UNITED STATES - LaSalle Investment Management believes Mexico as a country has strong real estate fundamentals for future investment possibilities as middle-class demand is creating new commercial projects.

Officials say it makes sense to build new retail, office buildings and industrial properties to meet that demand, as the Mexican economy is projected to continue to show improvement over the next four years and GDP is anticipated to grow at an annual rate of 3.1% between 2008 to 2012.

Eduardo Guemez, chief executive officer of LaSalle Investment Management in Mexico, confirms there is still strong activity in the residential market too, as he told IPE Real Estate: "One of the implications of a stable economy has been the increasing availability of consumer and mortgage financing in Mexico. Credit conditions, primarily interest rates and maturity terms, have improved a lot in the last seven years.
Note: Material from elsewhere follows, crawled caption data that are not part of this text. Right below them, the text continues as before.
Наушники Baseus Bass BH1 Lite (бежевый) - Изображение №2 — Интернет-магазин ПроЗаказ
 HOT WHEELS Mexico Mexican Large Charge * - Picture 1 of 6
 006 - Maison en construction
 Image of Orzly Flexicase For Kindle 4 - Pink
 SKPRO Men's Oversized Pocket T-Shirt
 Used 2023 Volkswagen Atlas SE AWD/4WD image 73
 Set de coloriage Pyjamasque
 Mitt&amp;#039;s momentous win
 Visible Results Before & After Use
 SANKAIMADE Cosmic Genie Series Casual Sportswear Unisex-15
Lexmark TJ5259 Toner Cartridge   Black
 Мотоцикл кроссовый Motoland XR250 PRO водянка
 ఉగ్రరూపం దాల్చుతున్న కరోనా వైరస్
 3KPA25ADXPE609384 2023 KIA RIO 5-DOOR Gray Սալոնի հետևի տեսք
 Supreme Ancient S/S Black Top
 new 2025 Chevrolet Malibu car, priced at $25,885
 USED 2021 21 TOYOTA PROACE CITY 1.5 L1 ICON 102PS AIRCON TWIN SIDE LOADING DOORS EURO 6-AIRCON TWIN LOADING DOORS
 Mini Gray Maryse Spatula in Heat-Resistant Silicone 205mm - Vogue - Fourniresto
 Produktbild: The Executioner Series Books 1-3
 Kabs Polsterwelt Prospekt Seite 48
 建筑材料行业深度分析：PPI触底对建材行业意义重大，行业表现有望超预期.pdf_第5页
This has translated into annual mortgage growth of around 15% since 2000."

As a result of improving economic conditions, return potential on investments is currently higher than available in the United States.

LaSalle projects the yield difference between assets in Mexico and the US is in the region of 250 basis points - approximately 100 basis points above country risk.

It seems there may be some area for concern, howver, about investing in Mexican industrial properties, because a major economic link between Mexico and the US means many of the tenants lease property space in both countries and there could be a reduction in the demand for new industrial space while the US economy slows.

LaSalle's main investment vehicles in Mexico is the LaSalle Mexico fund I - a $500m (€323.3m) commingled fund set up to invest in high-quality development projects across all property types in Mexico.